William Booth allegedly said ‘Why should the Devil have all the best tunes?’ He answered his question by moving music hall melodies into Salvation Army Citadels. A few years after his missionising, marching bands successfully spread the Gospel to darkest London, and the compilers of the English Hymnal foraged four-ale bars for folk song tunes.

However, as well as ‘walking about like a roaring lion’, the Devil goes in for subtle plans. In our generation he’s made popular music so unmemorable that its translation into hymn styles has accelerated church attendance decline. ‘Hit me with your rhythm stick’ worked for the Blockheads, but some worship songs carry vain repetition to lengths undreamed of by the Reformers.
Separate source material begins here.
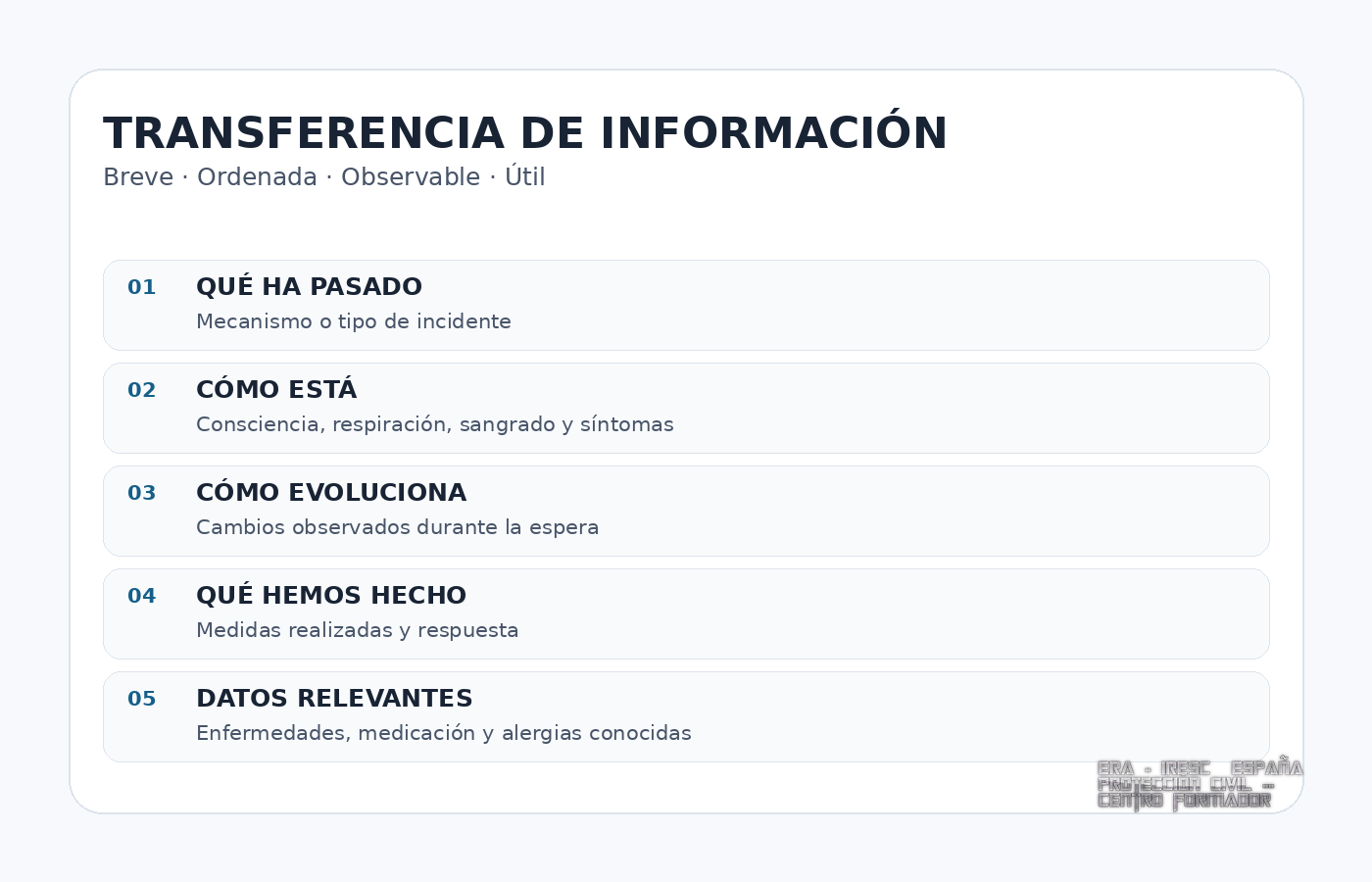 Estructura de transferencia de información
‘You’re being unfair.’ Of course I am, otherwise I wouldn’t be writing for ND. There are community churches whose rock revival gospel trains develop a good head of steam with converts onboard. Yet, in mainstream churches, musical modernisation has meant not just tea-dance tempos but also politically correct bowdlerisation in compilations such as Hymns for Today’s Church. Will ‘Onward Christian Soldiers’ soon be replaced by ‘Onward Climate Change Combatters’?

As a result, declining congregations have been musically accompanied by declining vocal vigour. There’s a need for ‘Mary we crown thee with blossoms today’ to be carolled by Catholic congregations, ‘The Son of God goes forth to War’ (to the tune of ‘The Red Flag’) to be martially mouthed by all Anglicans, and ‘Who is on the Lord’s Side?’ to be Evangelically endeavoured.

Those departing for the Ordinariate can merrily march away, birettas bobbing, to ‘Full in the Panting Heart of Rome’. Those lingering in Lambeth reply: ‘Yield Not to Temptation.’ FiF, if denied its demands, could imitate Orange marchers by bawling ‘No Surrender’.